◆ **GOAL OF THE EXERCISE**
Return the following lines and nothing else: the one holding "Psalm 118 vers" and all those after it in the records below, unchanged, minus any pictures.

◆ **Stored data entries**
┏━━

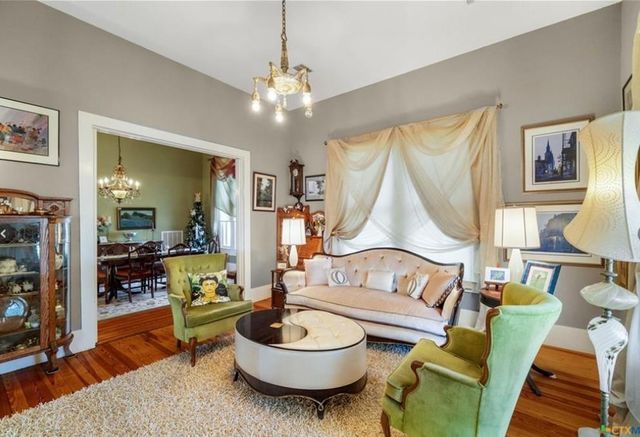 141 North Range St, Yorktown, TX 78164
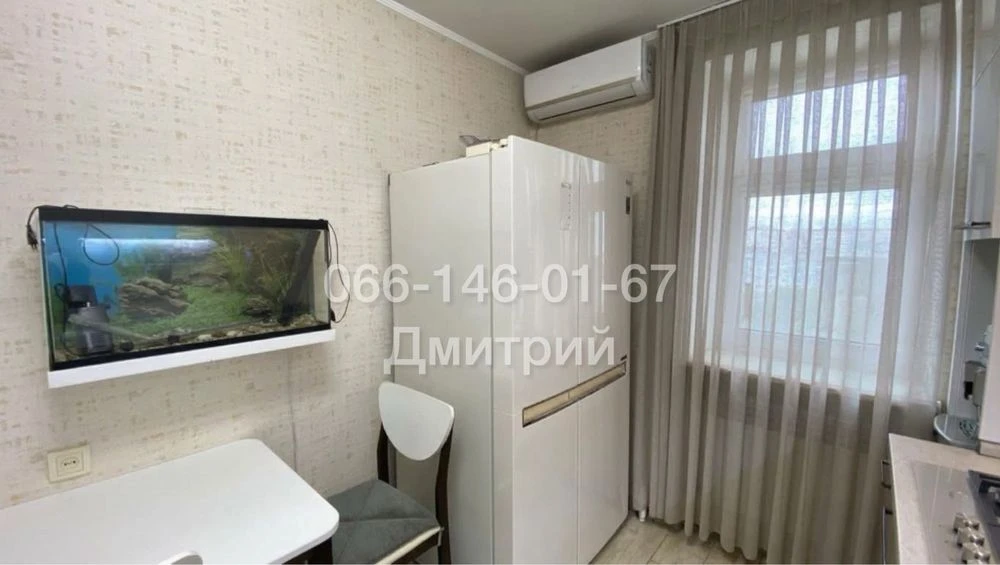 3-room apartment 65 sq m with renovation, furniture and appliances. T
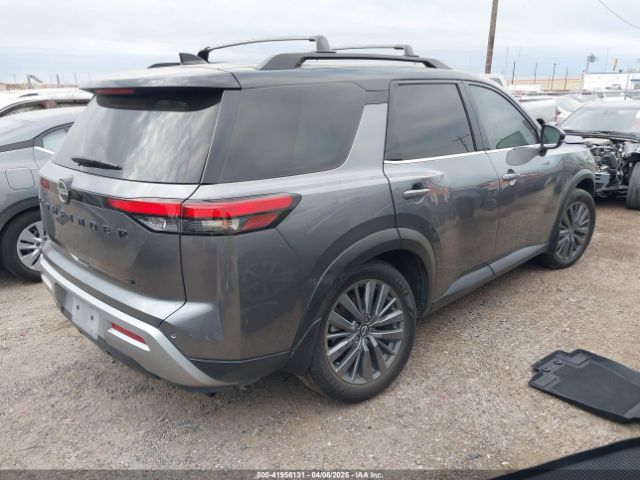 5N1DR3CB8NC232370 Nissan Pathfinder Sl 2wd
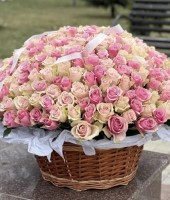 Композиція з 333 троянд у кошику Premium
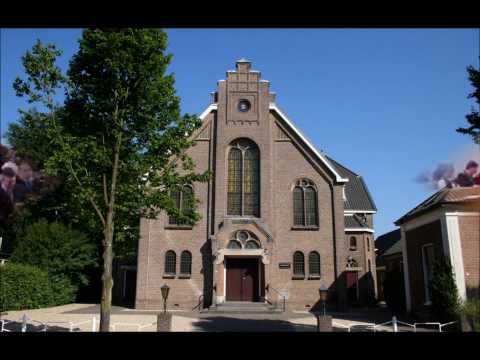 Psalm 118 vers 1 en 7 (berijming 1773) - Laat ieder 's HEEREN goedheid loven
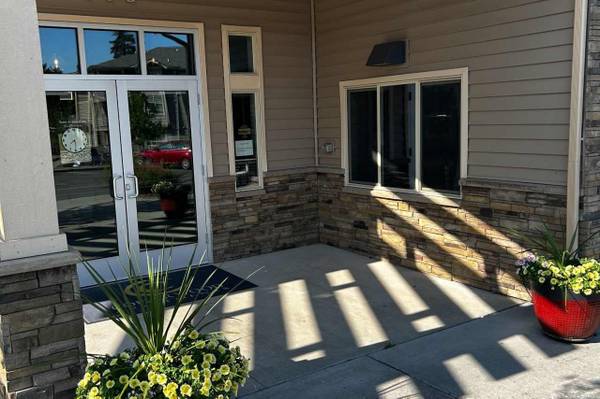$1,462 / 2br - State-of-the-Art Fitness Center, Refreshing Pool, 2/bd 1/ba (Copper Wood Ln SE, Lacey, WA)63688369454851123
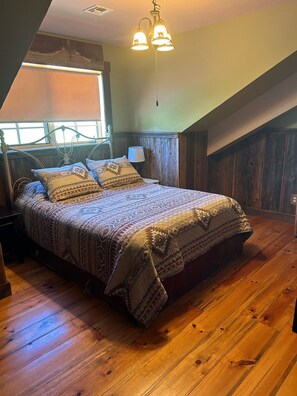 5 bedrooms, iron/ironing board, WiFi, bed sheets - Log Cabin On Historic Yellowstone Park Ranch on the McDonald Ranch (Gardiner)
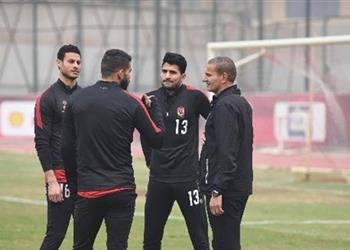 حارس الأهلي يكسر صمته بـ رد فعل مفاجئ بعد استبعاده أمام الداخلية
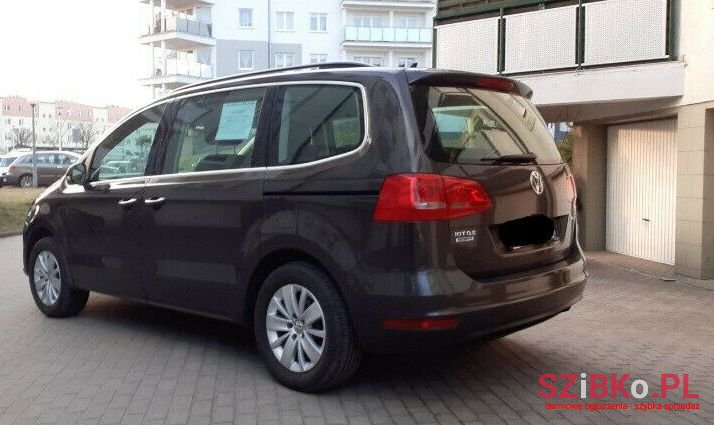 2015' Volkswagen Sharan photo #1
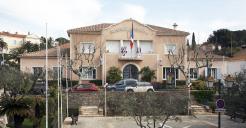 Groupe scolaire puis établissement administratif communal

┗━━

◆ **ANSWER TO THE EXERCISE**
 Psalm 118 vers 1 en 7 (berijming 1773) - Laat ieder 's HEEREN goedheid loven
$1,462 / 2br - State-of-the-Art Fitness Center, Refreshing Pool, 2/bd 1/ba (Copper Wood Ln SE, Lacey, WA)63688369454851123
 5 bedrooms, iron/ironing board, WiFi, bed sheets - Log Cabin On Historic Yellowstone Park Ranch on the McDonald Ranch (Gardiner)
 حارس الأهلي يكسر صمته بـ رد فعل مفاجئ بعد استبعاده أمام الداخلية
 2015' Volkswagen Sharan photo #1
 Groupe scolaire puis établissement administratif communal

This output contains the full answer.